Please write out exactly the line containing "Лаптоп Terra MOBILE" below and every line after it, through the last one, but leave out any pictures.

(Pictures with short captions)
*** Begin section ***

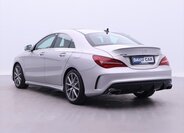 Mercedes-Benz CLA Sedan 2,0 l 280 kw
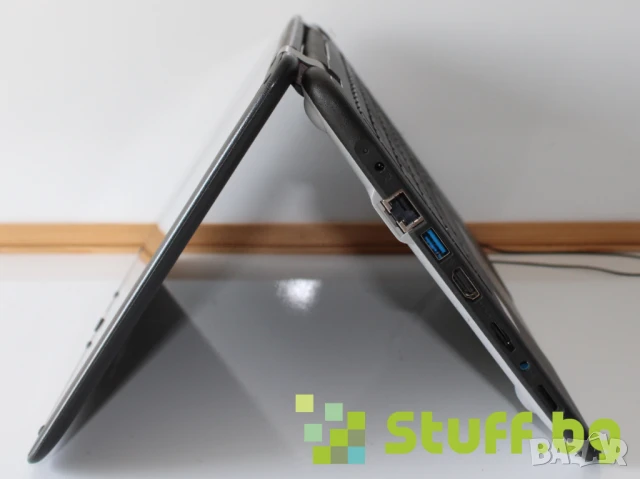 Лаптоп Terra MOBILE 360-11V2, снимка 2 - Лаптопи за работа - 50876464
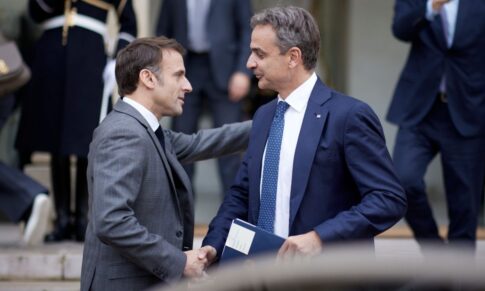 Χανιά: Νέα άφιξη κρουαζιερόπλοιου στο λιμάνι της Σούδας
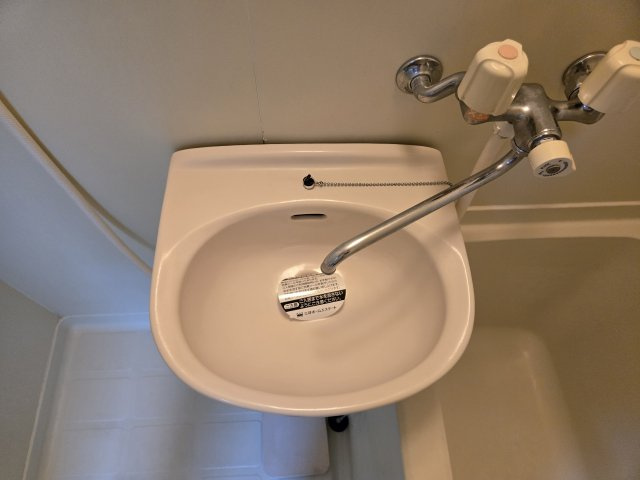 サンセリテ｜名古屋市の賃貸ならMy賃貸の洗面所|サンセリテ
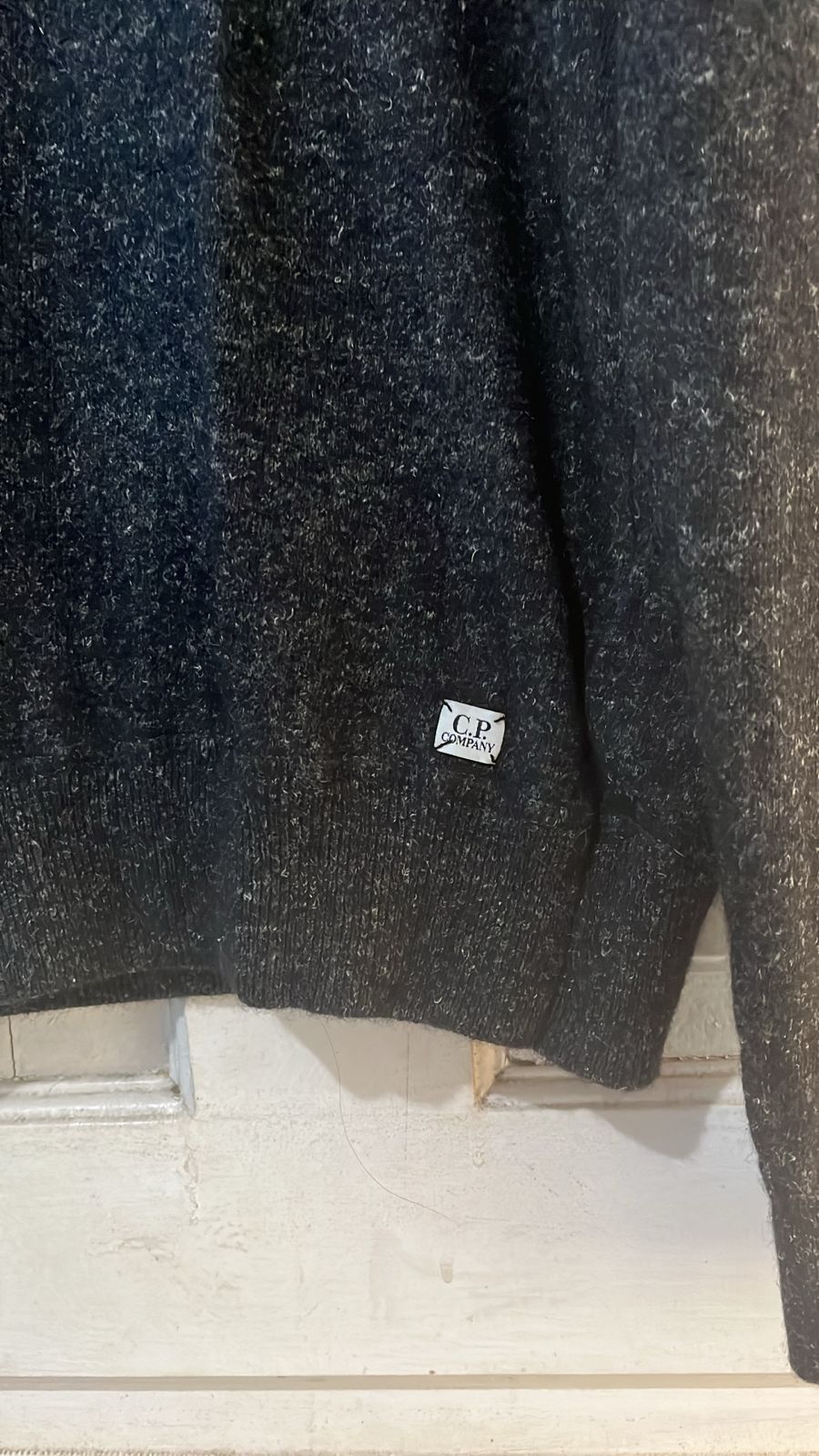 C.P. Company Cp company wool Size US L / EU 52-54 / 3 - 8 Thumbnail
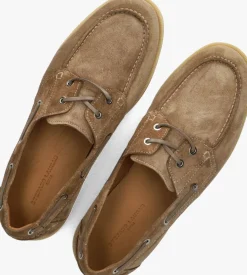 Heren STEFANO LAURAN veterschoenen sl4000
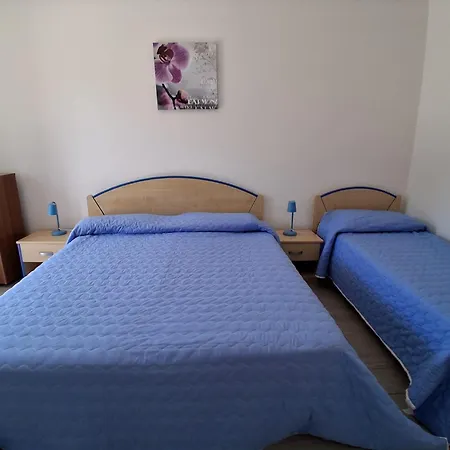 Apartamento Papillon B10 *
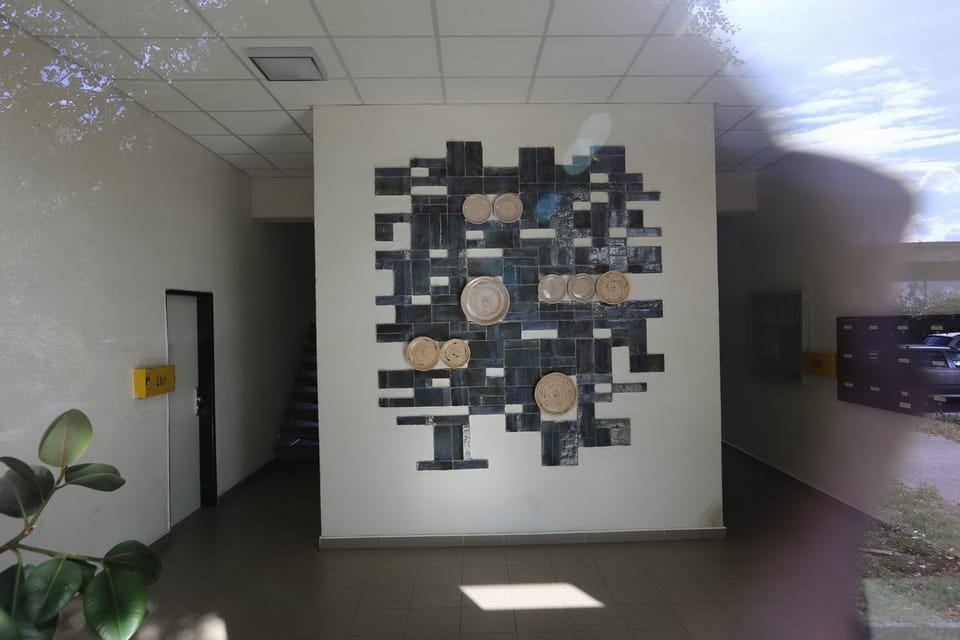 Foto: Spolek přátel sídliště Ďáblice Foto: Spolek přátel sídliště Ďáblice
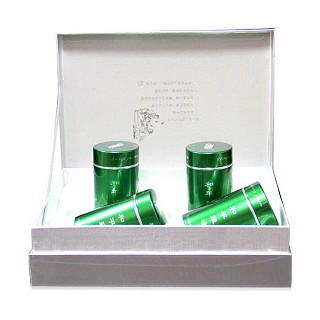 和平茶业 纯芽头 明前特级翠峰(和平)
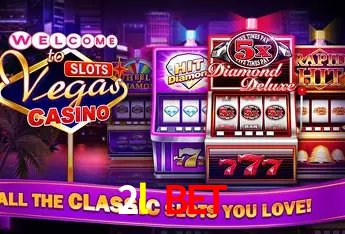 Desvendando o Mundo dos Jogos Virtuais na 2l bet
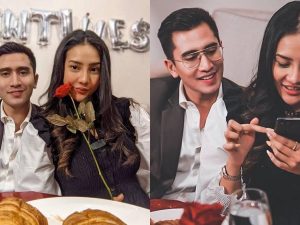 Berita selebriti dan gosip artis: Verrel Bramasta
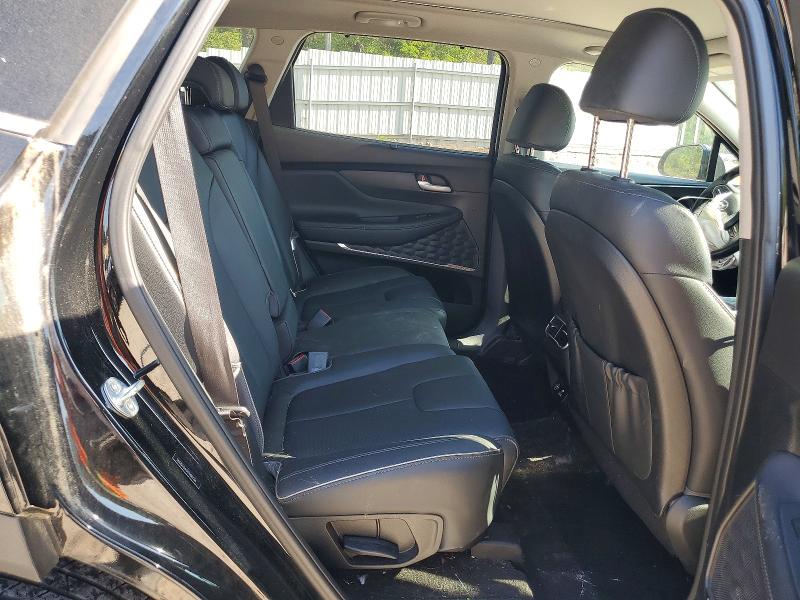 Продаж на аукціоні авто 2023 Hyundai Santa Fe, vin: 5NMS5DA1XPH007136, номер лоту: 49831346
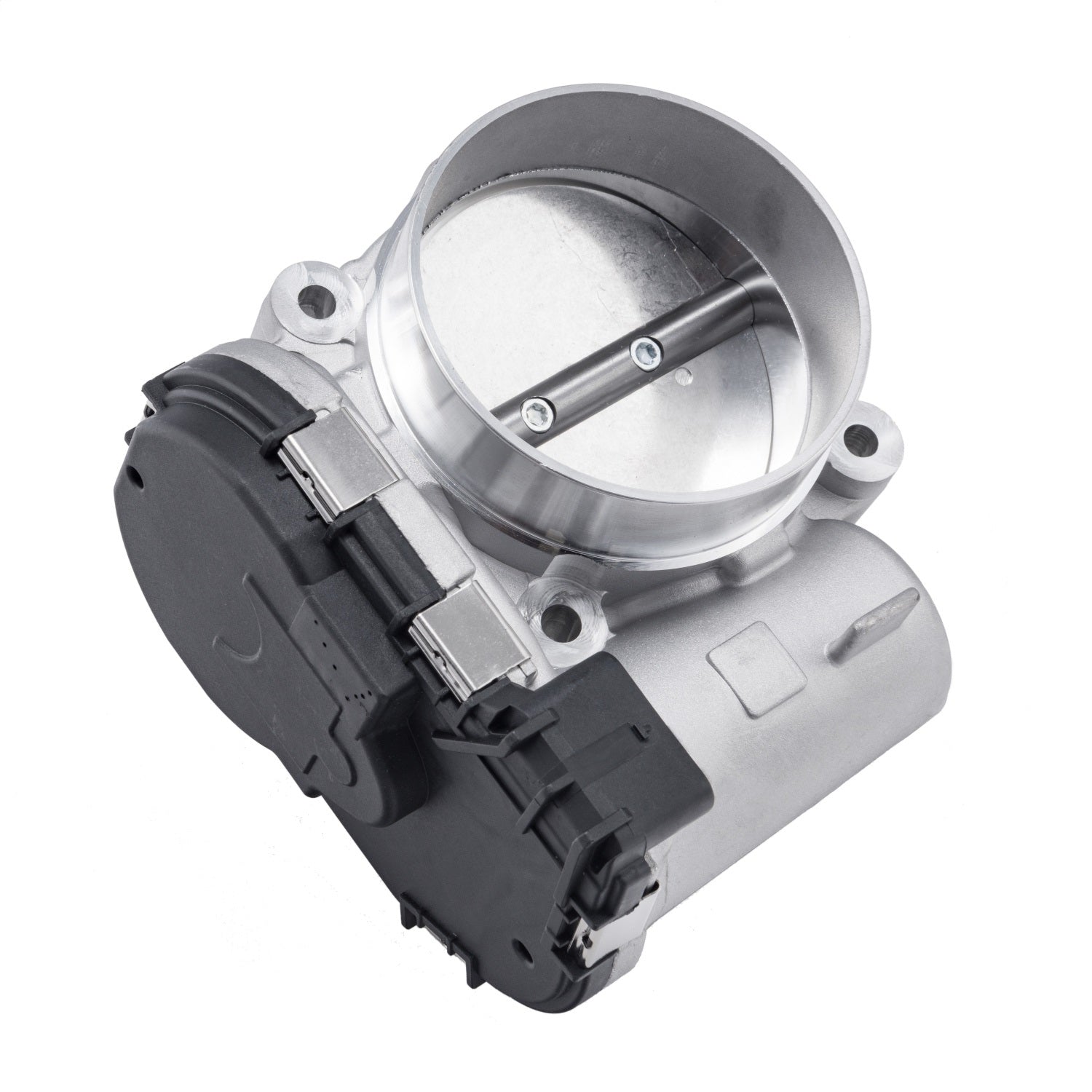 Omix 17224.52 Throttle Body; Omix 17224.52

*** End section ***

**Solution below**
 Лаптоп Terra MOBILE 360-11V2, снимка 2 - Лаптопи за работа - 50876464
 Χανιά: Νέα άφιξη κρουαζιερόπλοιου στο λιμάνι της Σούδας
 サンセリテ｜名古屋市の賃貸ならMy賃貸の洗面所|サンセリテ
 C.P. Company Cp company wool Size US L / EU 52-54 / 3 - 8 Thumbnail
 Heren STEFANO LAURAN veterschoenen sl4000
 Apartamento Papillon B10 *
 Foto: Spolek přátel sídliště Ďáblice Foto: Spolek přátel sídliště Ďáblice
 和平茶业 纯芽头 明前特级翠峰(和平)
 Desvendando o Mundo dos Jogos Virtuais na 2l bet
 Berita selebriti dan gosip artis: Verrel Bramasta
 Продаж на аукціоні авто 2023 Hyundai Santa Fe, vin: 5NMS5DA1XPH007136, номер лоту: 49831346
 Omix 17224.52 Throttle Body; Omix 17224.52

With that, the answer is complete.